Disabled Parking, Andrew Bynum and a teachable moment

by Michelle K. Wolf

July 20, 2011 | 1:14 pm

Los Angeles Lakers center Andrew Bynum

A small news item on LA Observed caught my attention this morning:
“Lakers Center Andrew Bynum was videotaped parking his BMW across two marked disabled spots at the Bristol Farms store in Westchester. Joel Grover of KNBC has posted stills from the video, which the stations says was shot by a parking enforcement official.” He was unfortunately,  not fined nor cited, which really pisses me off, since with a $14 million salary, the $353 fine would hardly be a financial hardship, and would have sent out a loud and clear signal that people who don’t have legitimate disabled placards shouldn’t park in disabled sports. Not ever. Even if you can rationalize it—“Um, these groceries are really heavy and I’m in a big fat rush to get to practice.”

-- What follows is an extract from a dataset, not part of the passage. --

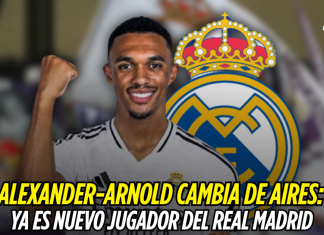Alexander-Arnold cambia de aires: ya es nuevo jugador del Real Madrid Trent Alexander-Arnold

We have had disabled parking placards for at least a decade for our son Danny, who has mild cerebral palsy. As we encourage him more and more to use his walker instead of his large-size stroller cum wheelchair, having access to the disabled spots becomes even more important to us in terms of mobility training and helping him to be independent. During his recent stay at Camp Ramah in Ojai, the camp put in a “curb cut” and laid down plywood to accomodate his mobility needs, which was truly heartwarming.

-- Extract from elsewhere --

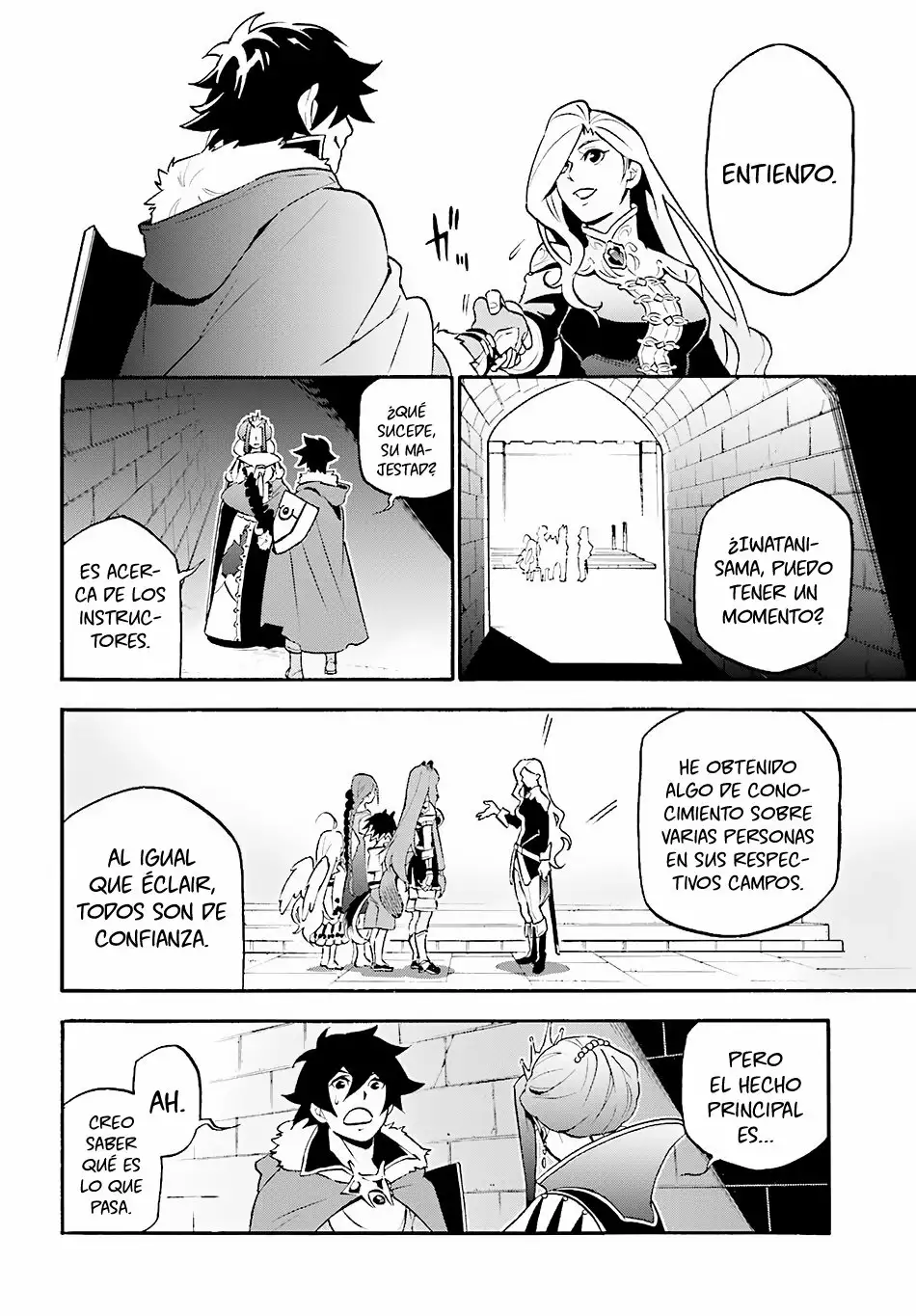 Página 21 del Manga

In general I find that most people are really good about observing the law and leaving the spaces open to those who really need them, but every now and again, there’s some jerk who decides he/she can’t be bothered to obey the law and be a good citizen. I don’t follow sports very closely (okay, hardly at all) but my friends who do tell me this isn’t the first time that Bynum has shown himself to be something less than a model citizen and display good sportsmanship.

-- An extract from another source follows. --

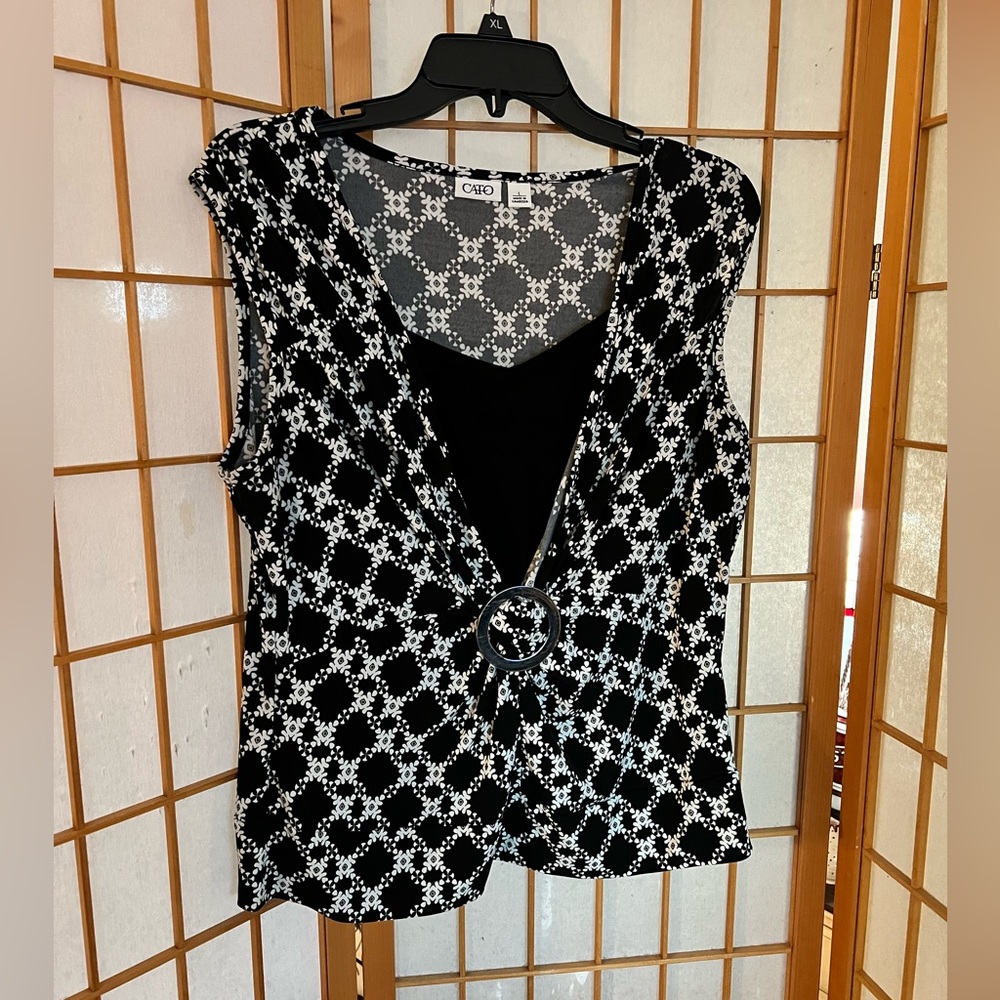 Cato Size L dress top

Two suggestions for Mr. Bynum’s T’shuvah, or repentence, regardless of not getting fined:
1) Make a donation to a local charity that helps people with physical disabilities
2) Spend some time with someone in a wheelchair or a walker and experience life from their perspective, as did Yankees Manager Joe Giradi when as part of Yankees HOPE week of community service, he surprised an elderly blind Yankee fan and came to the stadium with her and her guide dog along her usual route—2.5 hours of train, subway and sidewalk.

Now that’s what I call walking the walk.